◆ **Supplied data**
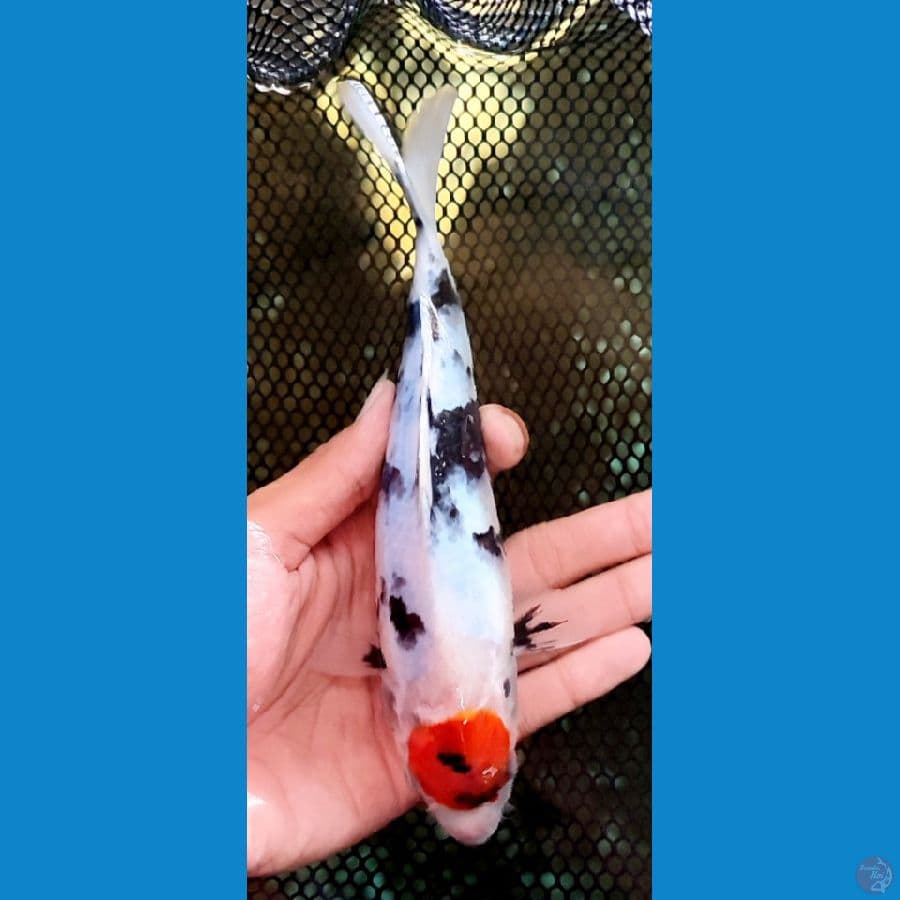 BAHAN KEEP TANCO SHOWA HQ -+ 23 CM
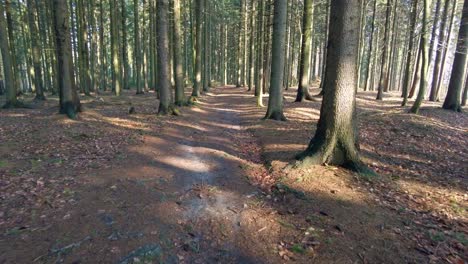 POV-shot-of-a-hiker-while-walking-on-trail-through-a-green-forest-on-a-sunny-day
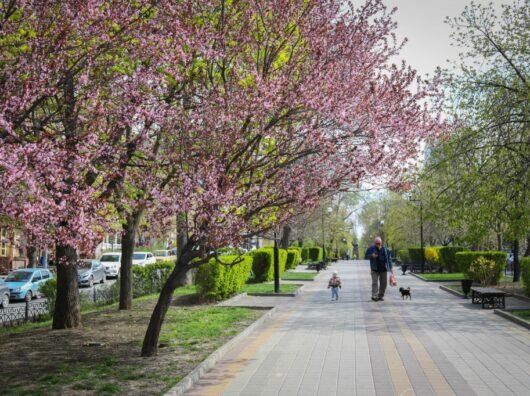    // Фото с сайта rostov-gorod.ru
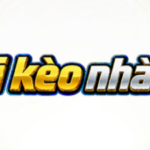 Profile picture of trmeritking casino
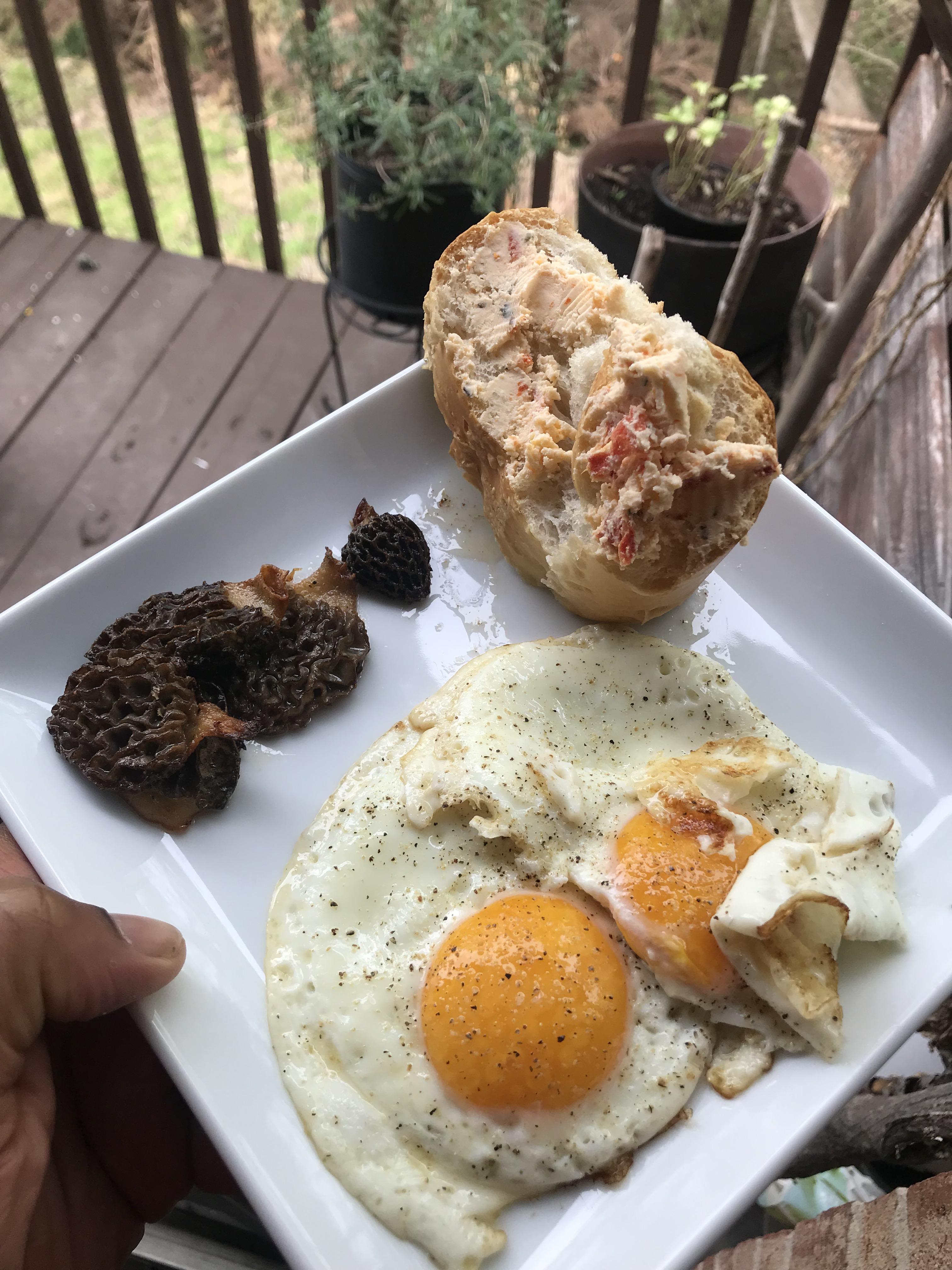 Breakfast of champions. Eggs and buttered morels. r/mycology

◆ **Exercise brief**
Could you write out verbatim only those lines that run from the line containing "с сайта rostov-gorod.ru" through the end of the listing above, both included, without the pictures?

◆ **Result**
    // Фото с сайта rostov-gorod.ru
 Profile picture of trmeritking casino
 Breakfast of champions. Eggs and buttered morels. r/mycology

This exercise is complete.